Como começou a estudar Machado de Assis?
Trabalho com imprensa e literatura do século XIX desde a monografia, na qual busquei problematizar de que maneira a análise dos romances de José de Alencar poderia auxiliar no entendimento das transformações urbanas, sociais e de comportamento no Rio de Janeiro, a capital do Império oitocentista. No mestrado, investiguei O Espelho, revista de literatura, modas, indústria e artes. O objetivo foi refletir sobre a revista como fragmento da imprensa da época (1859/1860) e sobre Machado de Assis enquanto redator-chefe.
No doutorado investigo uma agremiação intitulada Sociedade Petalógica do Rossio Grande, que funcionou no Rio de Janeiro, entre os anos de 1830 e 1860. De forma resumida, essa sociedade estudava mentiras, os membros também as inventavam (as
petas
) para observar quem as passava adiante como sendo uma verdade que ele mesmo “vira ou ouvira”. Logo depois os membros da Petalógica revelavam que a notícia se tratava de uma
peta
(mentira) e ridicularizavam em público o mentiroso. As mentiras funcionavam como crítica social e o que me chamou atenção nessa agremiação é que teve Machado de Assis como membro.
Qual a importância da imprensa do século XIX para o trabalho de pesquisa?
A imprensa do século XIX é um baú cheio de tesouros para a pesquisa. Praticamente todos os assuntos eram debatidos. Além de ter um papel fundamental nos debates políticos, funcionou como possibilidade e instrumento de educação não formal, inclusive entre as pessoas não alfabetizadas, pois muitas delas se encontravam durante os afazeres domésticos e de trabalho. Nessa ocasião, um eleito ou eleita lia em voz alta os jornais, revistas e romances de folhetins. Isso remete a outra questão fundamental: no século XIX, não havia literatura nacional sem a imprensa. Todos os autores que conhecemos dessa época, inclusive Machado de Assis, tiveram seus textos primeiro publicados em revistas e jornais. Além disso, a imprensa da época é uma fonte muito rica para se compreender diversos temas, como moda, indústria, economia, cultura e política.

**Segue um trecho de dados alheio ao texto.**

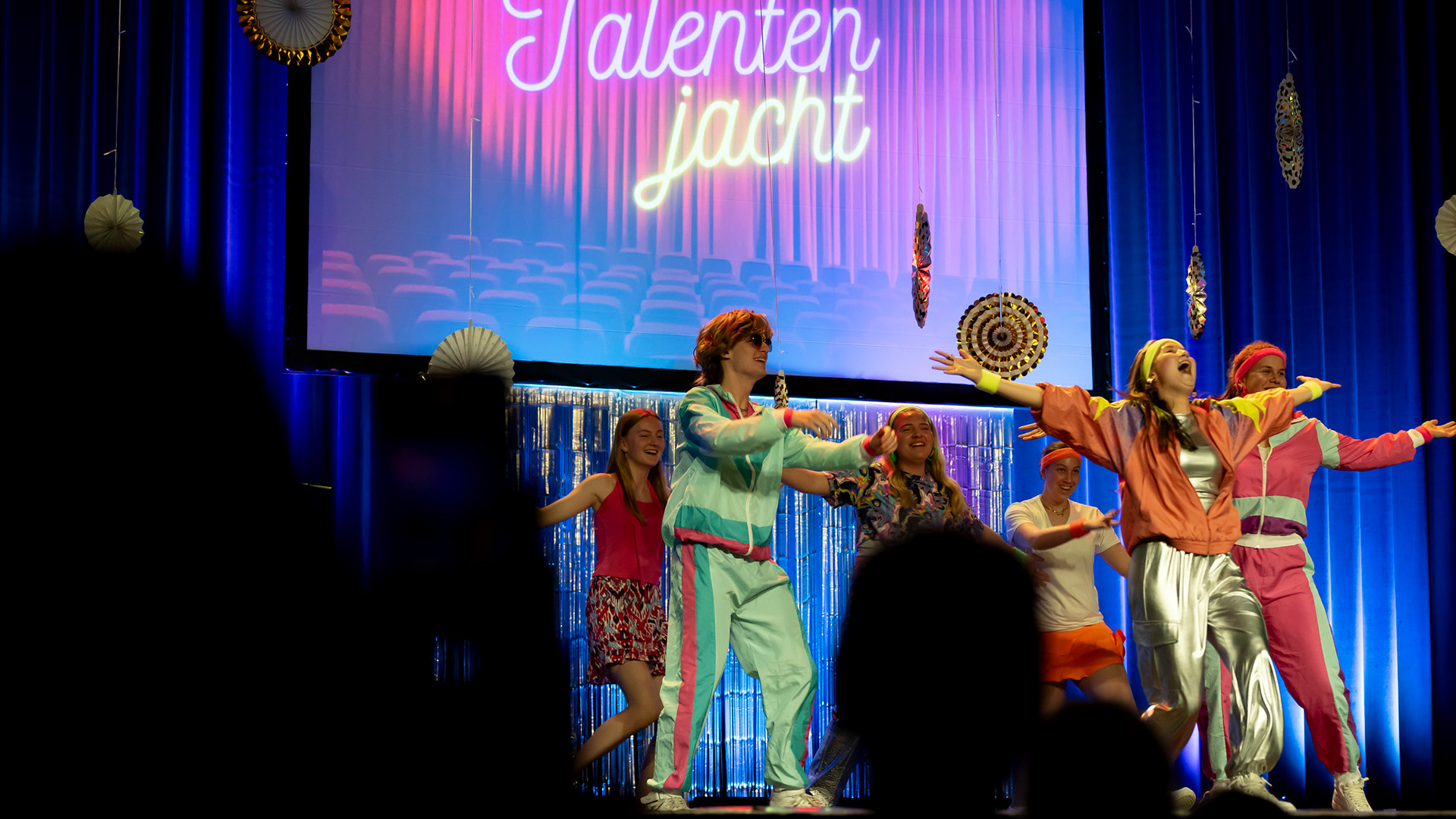 Luna zingt op podium tijdens Rollercoaster aan talenten in Tripodia – Rollercoaster aan talenten in Tripodia (fotoserie!)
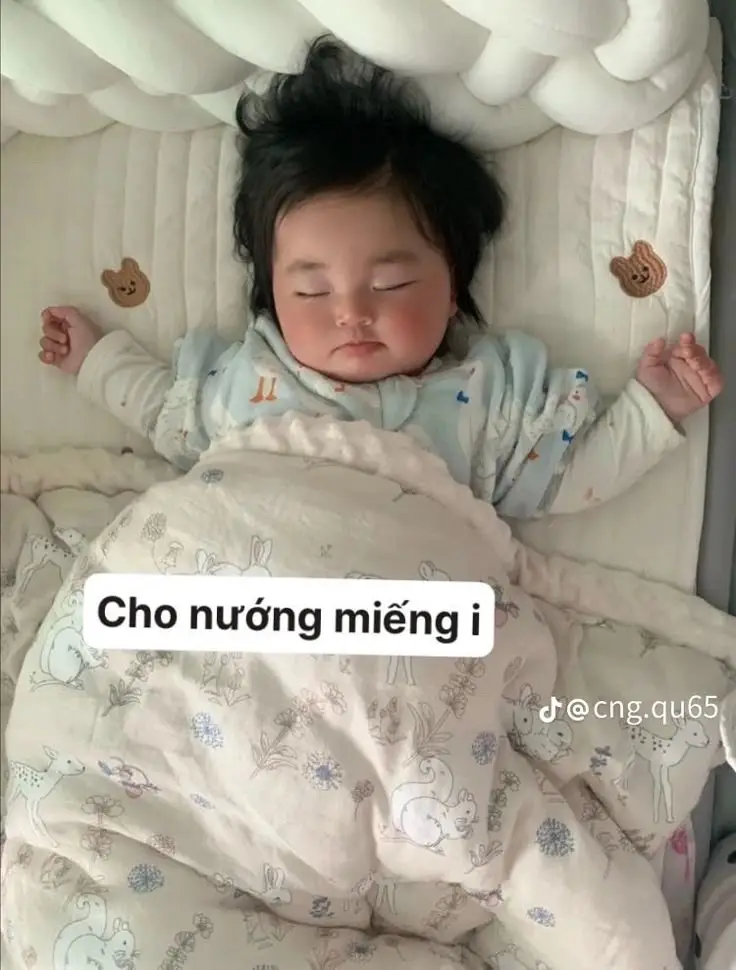 Meme Em Bé Giơ Tay: Những Hình Ảnh Ngộ Nghỉnh Đầy Vui Vẻ 52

Como chegou até O Espelho?
Antes de eleger O Espelho para a pesquisa de mestrado, já tinha conhecimento de uma série de crônicas que Machado de Assis havia escrito para a revista: Aquarelas. Ainda não havia uma pesquisa de fôlego sobre a revista, encontrava menções a ela nas biografias sobre Machado de Assis. Além disso, foi uma revista de circulação curta, de aproximadamente quatro meses, e poderia ser bem explorada quando investigada. Foram essas as circunstâncias que me levaram ao Espelho. Passei a analisá-la e percebi a gigantesca influência que teve Machado de Assis e seus textos para a revista. E então passei a olhar com mais cuidado, precisei entendê-la, desde sua materialidade ao seu quadro editorial, para entender também Machado de Assis n’ O
Espelho. Por consequência, durante a investigação, a revista acabou se tornando a protagonista da minha pesquisa e Machado de Assis e sua atuação foram fundamentais para entendê-la.
Como reconheceu a escrita de Machado de Assis?
Procurei entender como textos e autores se movimentaram dentro da revista e concluí que havia uma lógica nessa distribuição. Esses aspectos, tanto de posicionamento de artigos, quanto o espaço ocupado por Machado de Assis no impresso e também o cruzamento da análise do Espelho e seu quadro editorial com a análise de outras revistas e jornais que circularam na época, ajudaram-me na construção de argumento fortalecido que sugeriu a autoria de Machado de Assis para a biografia.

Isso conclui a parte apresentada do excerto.